Basel rules eased in victory for the banks

A bank lobby has succeeded in pushing for an easing of the capital requirements set out in Basel III

Feature image
A bank lobby has been victorious in pushing for an easing of Basel rules - For a long time, many banks have been united in the opinion that the debt ration mandated in Basel III was too harsh

After tough negotiations, it was announced yesterday that regulators have compromised on the controversial rules designed to ease banks’ overreliance on debt, as set out by the Basel III accord.

Banks have long since advocated that the debt ration mandated in Basel III was too harsh, and that it would have been nigh on impossible for institutions to raise the amount of capital needed to meet the requirements. Therefore it should be considered a victory for the bank lobby that concessions were finally offered by central bankers and supervisory authorities.

Banks have long since advocated that the debt ration mandated in Basel III was too harsh

The leverage ration is a crucial mandate of Basel III and its significant watering down is another in a long line of compromises authorities have made that already. It has been suggested that the latest move to raise the international standard for the leverage ratio will bring the global average from the current 3.8 percent to slightly over four percent.
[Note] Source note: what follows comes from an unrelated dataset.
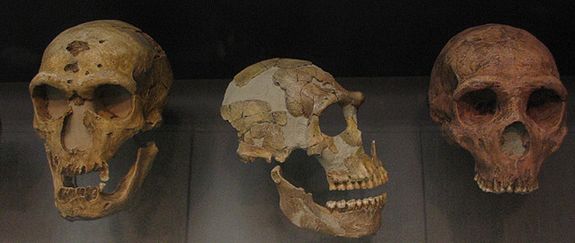 Neanderthal skulls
The standard does not come into force until 2018. A minimum limit for the ratio is yet to be determined.

The changes announced in Basel, Switzerland last night will save banks having to raise billions in additional capital by the deadline in three years.

“The Committee agreed to modify the LCR’s definition of HQLA to provide greater use of Committed Liquidity Facilities (CLFs) provided by central banks,” The Bank for International Settlements, and the Basel III committee said in a press statement. “The use of CLFs within the LCR has until now been limited to those jurisdictions with insufficient HQLA to meet the needs of the banking system.”

However, the committee does make it clear that the ultimate decision to raise or lower leverage rations rests with central bankers as a “matter of discretion”.

Banks have suggested that the lower capital requirements will allow banks to maintain the flow of lending in order to the economy, without compromising on risk.